▸ **Records supplied**:
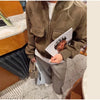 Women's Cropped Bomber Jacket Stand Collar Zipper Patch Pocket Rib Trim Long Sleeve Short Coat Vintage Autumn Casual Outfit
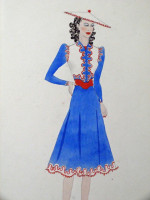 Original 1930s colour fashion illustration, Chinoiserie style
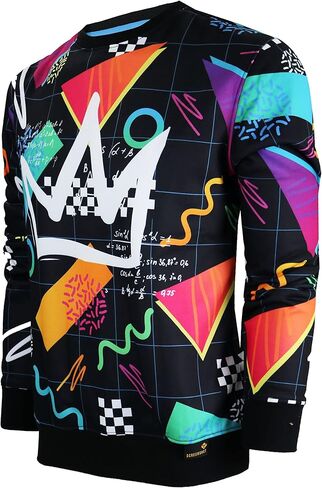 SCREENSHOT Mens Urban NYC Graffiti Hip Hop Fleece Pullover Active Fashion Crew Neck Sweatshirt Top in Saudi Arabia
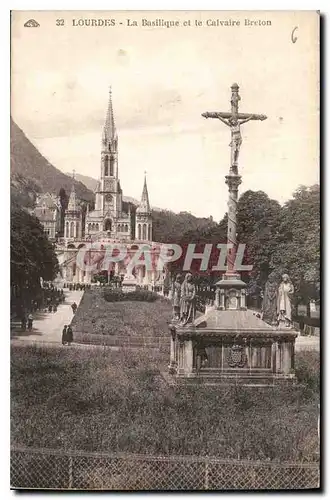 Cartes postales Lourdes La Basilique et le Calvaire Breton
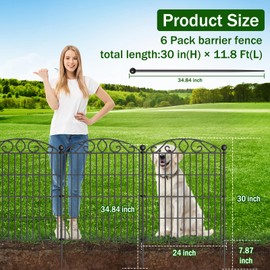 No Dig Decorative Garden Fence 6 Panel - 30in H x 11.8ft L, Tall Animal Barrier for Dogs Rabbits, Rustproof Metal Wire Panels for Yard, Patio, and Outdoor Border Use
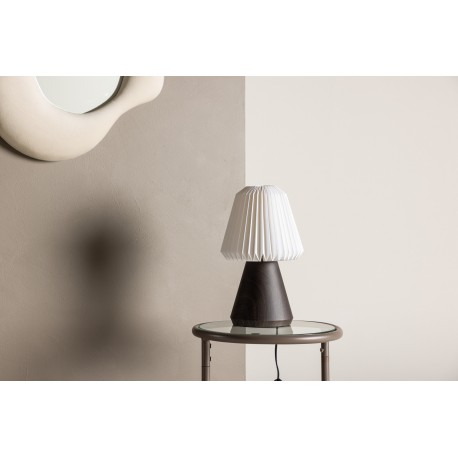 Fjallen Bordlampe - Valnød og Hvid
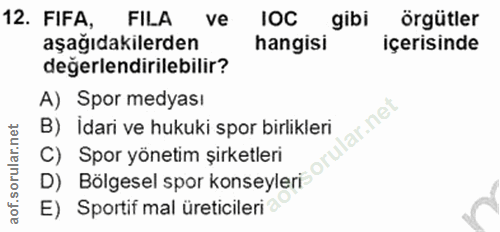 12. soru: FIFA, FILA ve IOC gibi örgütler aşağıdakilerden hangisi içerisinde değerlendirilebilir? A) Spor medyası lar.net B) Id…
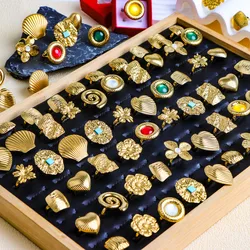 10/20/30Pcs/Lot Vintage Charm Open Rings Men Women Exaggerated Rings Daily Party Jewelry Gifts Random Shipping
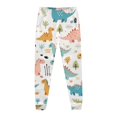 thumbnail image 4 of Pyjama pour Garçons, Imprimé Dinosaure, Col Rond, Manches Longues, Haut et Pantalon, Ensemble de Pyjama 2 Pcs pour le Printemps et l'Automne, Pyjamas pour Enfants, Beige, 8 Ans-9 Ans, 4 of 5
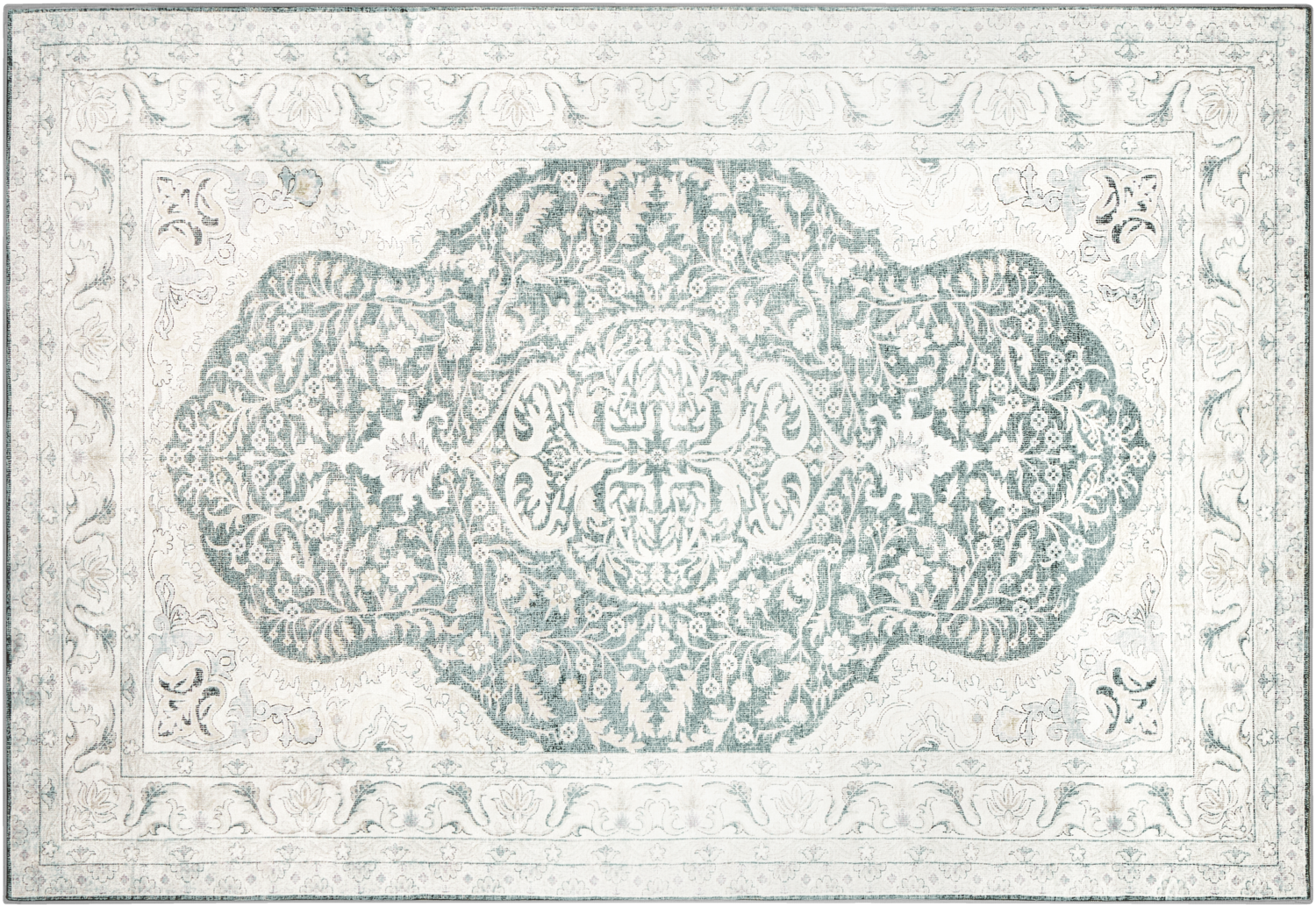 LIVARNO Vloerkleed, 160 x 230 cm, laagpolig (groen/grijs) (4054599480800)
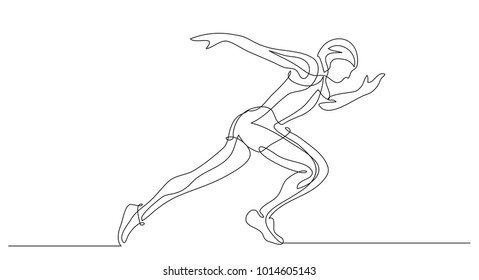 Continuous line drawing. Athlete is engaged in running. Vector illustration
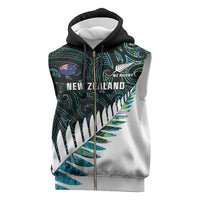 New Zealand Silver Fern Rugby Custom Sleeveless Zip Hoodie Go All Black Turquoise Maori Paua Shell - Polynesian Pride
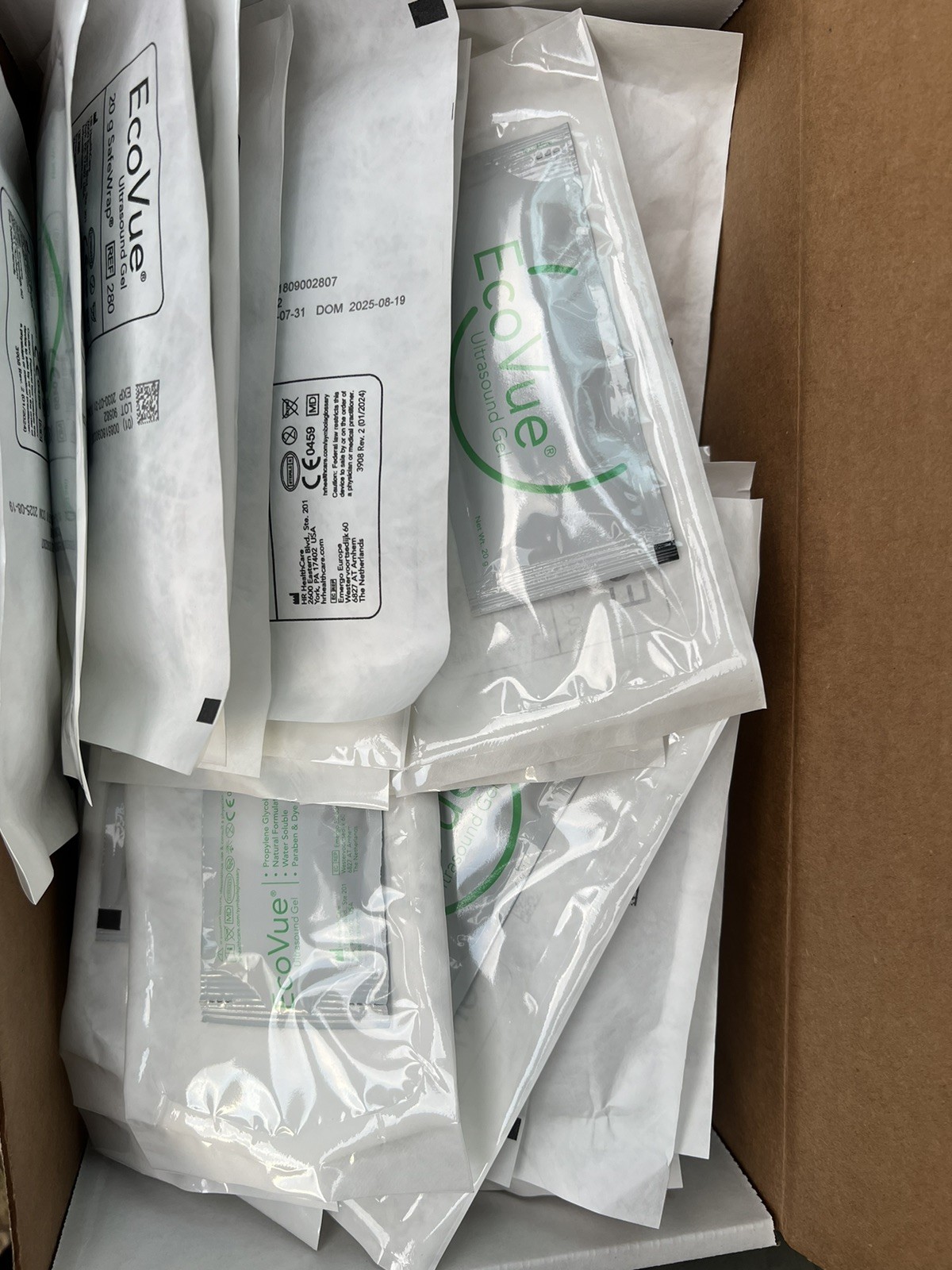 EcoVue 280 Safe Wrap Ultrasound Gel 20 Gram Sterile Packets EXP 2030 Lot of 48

▸ **Exercise prompt**: All lines from the one containing "LIVARNO Vloerkleed, 160" through the final line of the records are to be retyped exactly; no other lines and no pictures are to be included.

▸ **Task output**:
 LIVARNO Vloerkleed, 160 x 230 cm, laagpolig (groen/grijs) (4054599480800)
 Continuous line drawing. Athlete is engaged in running. Vector illustration
 New Zealand Silver Fern Rugby Custom Sleeveless Zip Hoodie Go All Black Turquoise Maori Paua Shell - Polynesian Pride
 EcoVue 280 Safe Wrap Ultrasound Gel 20 Gram Sterile Packets EXP 2030 Lot of 48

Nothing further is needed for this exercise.